_Recorded data_:
※

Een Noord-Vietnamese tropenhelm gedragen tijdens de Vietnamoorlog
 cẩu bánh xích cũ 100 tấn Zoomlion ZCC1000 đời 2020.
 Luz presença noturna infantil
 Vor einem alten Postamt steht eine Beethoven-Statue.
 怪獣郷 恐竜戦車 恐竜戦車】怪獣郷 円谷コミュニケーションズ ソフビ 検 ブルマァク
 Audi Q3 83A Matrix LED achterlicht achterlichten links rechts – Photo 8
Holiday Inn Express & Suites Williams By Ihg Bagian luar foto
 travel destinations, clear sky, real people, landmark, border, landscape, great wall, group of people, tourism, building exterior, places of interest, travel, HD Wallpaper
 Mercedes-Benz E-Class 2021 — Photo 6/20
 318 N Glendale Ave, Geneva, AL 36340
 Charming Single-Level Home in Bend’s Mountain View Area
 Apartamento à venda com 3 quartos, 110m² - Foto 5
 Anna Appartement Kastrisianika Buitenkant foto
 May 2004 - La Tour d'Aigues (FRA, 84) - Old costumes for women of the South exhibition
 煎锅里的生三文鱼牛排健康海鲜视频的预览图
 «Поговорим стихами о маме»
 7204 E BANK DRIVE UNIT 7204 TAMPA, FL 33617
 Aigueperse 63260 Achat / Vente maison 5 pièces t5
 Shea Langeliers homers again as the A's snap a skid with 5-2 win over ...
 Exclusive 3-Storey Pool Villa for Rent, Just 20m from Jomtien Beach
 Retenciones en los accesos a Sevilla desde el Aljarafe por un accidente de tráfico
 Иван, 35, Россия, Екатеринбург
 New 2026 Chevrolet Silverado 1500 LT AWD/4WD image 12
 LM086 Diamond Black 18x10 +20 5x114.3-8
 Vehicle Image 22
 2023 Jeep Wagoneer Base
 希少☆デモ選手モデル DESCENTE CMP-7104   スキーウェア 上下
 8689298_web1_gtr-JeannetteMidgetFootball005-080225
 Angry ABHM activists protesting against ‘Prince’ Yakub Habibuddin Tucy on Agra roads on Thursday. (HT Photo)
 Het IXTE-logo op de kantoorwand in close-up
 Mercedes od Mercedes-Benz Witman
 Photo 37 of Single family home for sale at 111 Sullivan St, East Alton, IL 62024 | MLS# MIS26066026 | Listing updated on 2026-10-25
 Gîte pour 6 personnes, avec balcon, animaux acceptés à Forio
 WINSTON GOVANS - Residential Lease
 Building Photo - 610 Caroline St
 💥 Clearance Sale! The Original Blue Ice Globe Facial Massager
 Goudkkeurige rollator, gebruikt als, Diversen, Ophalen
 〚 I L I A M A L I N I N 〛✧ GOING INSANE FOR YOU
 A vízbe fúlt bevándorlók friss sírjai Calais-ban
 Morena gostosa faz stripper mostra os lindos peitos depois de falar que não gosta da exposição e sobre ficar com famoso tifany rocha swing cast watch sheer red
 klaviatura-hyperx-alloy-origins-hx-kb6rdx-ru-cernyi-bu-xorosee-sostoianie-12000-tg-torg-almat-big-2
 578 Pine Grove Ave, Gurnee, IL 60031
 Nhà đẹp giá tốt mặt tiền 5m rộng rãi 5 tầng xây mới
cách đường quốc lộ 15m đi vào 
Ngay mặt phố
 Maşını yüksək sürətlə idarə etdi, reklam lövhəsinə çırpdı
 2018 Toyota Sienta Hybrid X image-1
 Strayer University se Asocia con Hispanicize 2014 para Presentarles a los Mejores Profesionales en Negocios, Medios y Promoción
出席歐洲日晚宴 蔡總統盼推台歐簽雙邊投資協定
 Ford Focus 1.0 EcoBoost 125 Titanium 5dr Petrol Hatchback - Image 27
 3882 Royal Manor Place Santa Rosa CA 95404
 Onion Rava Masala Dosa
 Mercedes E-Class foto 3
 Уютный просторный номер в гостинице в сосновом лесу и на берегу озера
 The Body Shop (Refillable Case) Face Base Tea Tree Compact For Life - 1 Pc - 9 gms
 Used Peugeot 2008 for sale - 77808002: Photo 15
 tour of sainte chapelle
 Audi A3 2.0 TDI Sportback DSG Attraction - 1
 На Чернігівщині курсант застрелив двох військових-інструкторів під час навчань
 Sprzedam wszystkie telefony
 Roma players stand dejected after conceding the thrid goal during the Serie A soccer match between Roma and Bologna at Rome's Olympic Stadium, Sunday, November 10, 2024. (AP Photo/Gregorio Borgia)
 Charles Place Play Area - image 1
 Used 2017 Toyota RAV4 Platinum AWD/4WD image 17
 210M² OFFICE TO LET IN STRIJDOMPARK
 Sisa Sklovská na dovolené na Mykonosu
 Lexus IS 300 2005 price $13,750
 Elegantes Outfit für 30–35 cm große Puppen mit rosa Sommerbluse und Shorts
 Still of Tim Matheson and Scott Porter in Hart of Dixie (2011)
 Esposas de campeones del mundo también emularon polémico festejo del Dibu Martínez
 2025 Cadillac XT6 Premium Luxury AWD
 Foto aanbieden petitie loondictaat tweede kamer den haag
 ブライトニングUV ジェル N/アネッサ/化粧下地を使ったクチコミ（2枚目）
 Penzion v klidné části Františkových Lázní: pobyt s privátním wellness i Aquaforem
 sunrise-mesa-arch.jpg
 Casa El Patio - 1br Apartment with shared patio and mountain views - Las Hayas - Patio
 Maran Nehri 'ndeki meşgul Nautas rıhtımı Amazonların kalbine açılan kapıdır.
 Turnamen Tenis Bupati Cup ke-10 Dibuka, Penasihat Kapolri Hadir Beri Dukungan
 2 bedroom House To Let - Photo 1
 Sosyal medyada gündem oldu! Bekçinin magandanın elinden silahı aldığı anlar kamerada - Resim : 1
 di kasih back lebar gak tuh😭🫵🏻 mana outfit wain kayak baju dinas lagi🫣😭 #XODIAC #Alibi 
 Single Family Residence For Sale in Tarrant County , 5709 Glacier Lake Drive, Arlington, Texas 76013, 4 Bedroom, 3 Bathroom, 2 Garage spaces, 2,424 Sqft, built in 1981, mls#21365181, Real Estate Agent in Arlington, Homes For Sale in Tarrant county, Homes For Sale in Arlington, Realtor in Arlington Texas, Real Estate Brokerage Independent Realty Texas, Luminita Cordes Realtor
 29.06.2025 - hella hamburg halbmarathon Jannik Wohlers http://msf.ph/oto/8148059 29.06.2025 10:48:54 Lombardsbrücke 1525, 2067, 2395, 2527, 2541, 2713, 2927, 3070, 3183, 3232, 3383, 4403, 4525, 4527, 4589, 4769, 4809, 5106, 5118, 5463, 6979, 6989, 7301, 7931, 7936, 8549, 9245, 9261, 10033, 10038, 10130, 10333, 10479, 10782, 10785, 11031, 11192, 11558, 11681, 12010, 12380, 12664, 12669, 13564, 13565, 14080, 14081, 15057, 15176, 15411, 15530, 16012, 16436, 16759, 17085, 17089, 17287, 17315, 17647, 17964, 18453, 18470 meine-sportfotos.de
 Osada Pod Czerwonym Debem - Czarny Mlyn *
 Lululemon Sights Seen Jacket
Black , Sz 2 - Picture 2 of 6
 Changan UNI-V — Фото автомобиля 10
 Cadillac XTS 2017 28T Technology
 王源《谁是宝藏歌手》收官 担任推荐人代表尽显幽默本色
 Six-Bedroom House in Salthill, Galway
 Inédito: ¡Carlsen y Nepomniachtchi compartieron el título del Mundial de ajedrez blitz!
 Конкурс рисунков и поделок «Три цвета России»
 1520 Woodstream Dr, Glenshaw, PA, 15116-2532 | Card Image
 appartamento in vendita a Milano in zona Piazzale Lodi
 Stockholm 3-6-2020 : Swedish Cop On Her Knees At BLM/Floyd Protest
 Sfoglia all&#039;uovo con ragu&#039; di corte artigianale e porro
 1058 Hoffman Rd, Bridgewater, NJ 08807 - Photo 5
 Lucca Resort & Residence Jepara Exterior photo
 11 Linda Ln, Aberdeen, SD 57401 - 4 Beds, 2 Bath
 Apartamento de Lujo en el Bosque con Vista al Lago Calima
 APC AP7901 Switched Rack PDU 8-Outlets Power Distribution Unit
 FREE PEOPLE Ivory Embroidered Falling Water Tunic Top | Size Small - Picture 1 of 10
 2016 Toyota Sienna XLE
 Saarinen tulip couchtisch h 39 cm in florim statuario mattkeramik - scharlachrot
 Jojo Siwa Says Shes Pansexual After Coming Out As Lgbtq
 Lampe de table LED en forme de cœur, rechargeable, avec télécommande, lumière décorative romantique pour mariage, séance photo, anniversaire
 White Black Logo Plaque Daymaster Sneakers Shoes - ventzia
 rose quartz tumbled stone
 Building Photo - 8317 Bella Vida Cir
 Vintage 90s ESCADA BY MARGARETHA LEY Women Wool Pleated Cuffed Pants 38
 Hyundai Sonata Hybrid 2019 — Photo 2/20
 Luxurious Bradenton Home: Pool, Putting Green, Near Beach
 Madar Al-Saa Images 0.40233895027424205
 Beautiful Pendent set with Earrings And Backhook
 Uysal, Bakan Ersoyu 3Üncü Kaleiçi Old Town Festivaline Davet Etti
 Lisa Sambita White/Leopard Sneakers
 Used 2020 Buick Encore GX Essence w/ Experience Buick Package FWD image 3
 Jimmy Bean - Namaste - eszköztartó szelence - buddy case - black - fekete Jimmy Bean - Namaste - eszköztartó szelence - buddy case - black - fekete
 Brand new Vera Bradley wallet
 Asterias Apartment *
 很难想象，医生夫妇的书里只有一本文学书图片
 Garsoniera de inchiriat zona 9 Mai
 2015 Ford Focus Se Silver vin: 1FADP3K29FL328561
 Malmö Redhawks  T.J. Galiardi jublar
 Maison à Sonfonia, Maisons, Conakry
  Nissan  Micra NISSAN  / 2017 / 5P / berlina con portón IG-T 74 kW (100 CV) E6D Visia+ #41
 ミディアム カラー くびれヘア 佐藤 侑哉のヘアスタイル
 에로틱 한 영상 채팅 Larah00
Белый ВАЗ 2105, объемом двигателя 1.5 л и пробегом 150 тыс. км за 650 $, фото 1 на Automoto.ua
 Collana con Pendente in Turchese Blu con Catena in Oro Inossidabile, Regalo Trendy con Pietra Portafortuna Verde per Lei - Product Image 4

※

_Problem to work on_:
Quote every line from the beginning of the entries up to and including the line that contains "INSANE FOR YOU".

_Final answer_:
Een Noord-Vietnamese tropenhelm gedragen tijdens de Vietnamoorlog
 cẩu bánh xích cũ 100 tấn Zoomlion ZCC1000 đời 2020.
 Luz presença noturna infantil
 Vor einem alten Postamt steht eine Beethoven-Statue.
 怪獣郷 恐竜戦車 恐竜戦車】怪獣郷 円谷コミュニケーションズ ソフビ 検 ブルマァク
 Audi Q3 83A Matrix LED achterlicht achterlichten links rechts – Photo 8
Holiday Inn Express & Suites Williams By Ihg Bagian luar foto
 travel destinations, clear sky, real people, landmark, border, landscape, great wall, group of people, tourism, building exterior, places of interest, travel, HD Wallpaper
 Mercedes-Benz E-Class 2021 — Photo 6/20
 318 N Glendale Ave, Geneva, AL 36340
 Charming Single-Level Home in Bend’s Mountain View Area
 Apartamento à venda com 3 quartos, 110m² - Foto 5
 Anna Appartement Kastrisianika Buitenkant foto
 May 2004 - La Tour d'Aigues (FRA, 84) - Old costumes for women of the South exhibition
 煎锅里的生三文鱼牛排健康海鲜视频的预览图
 «Поговорим стихами о маме»
 7204 E BANK DRIVE UNIT 7204 TAMPA, FL 33617
 Aigueperse 63260 Achat / Vente maison 5 pièces t5
 Shea Langeliers homers again as the A's snap a skid with 5-2 win over ...
 Exclusive 3-Storey Pool Villa for Rent, Just 20m from Jomtien Beach
 Retenciones en los accesos a Sevilla desde el Aljarafe por un accidente de tráfico
 Иван, 35, Россия, Екатеринбург
 New 2026 Chevrolet Silverado 1500 LT AWD/4WD image 12
 LM086 Diamond Black 18x10 +20 5x114.3-8
 Vehicle Image 22
 2023 Jeep Wagoneer Base
 希少☆デモ選手モデル DESCENTE CMP-7104   スキーウェア 上下
 8689298_web1_gtr-JeannetteMidgetFootball005-080225
 Angry ABHM activists protesting against ‘Prince’ Yakub Habibuddin Tucy on Agra roads on Thursday. (HT Photo)
 Het IXTE-logo op de kantoorwand in close-up
 Mercedes od Mercedes-Benz Witman
 Photo 37 of Single family home for sale at 111 Sullivan St, East Alton, IL 62024 | MLS# MIS26066026 | Listing updated on 2026-10-25
 Gîte pour 6 personnes, avec balcon, animaux acceptés à Forio
 WINSTON GOVANS - Residential Lease
 Building Photo - 610 Caroline St
 💥 Clearance Sale! The Original Blue Ice Globe Facial Massager
 Goudkkeurige rollator, gebruikt als, Diversen, Ophalen
 〚 I L I A M A L I N I N 〛✧ GOING INSANE FOR YOU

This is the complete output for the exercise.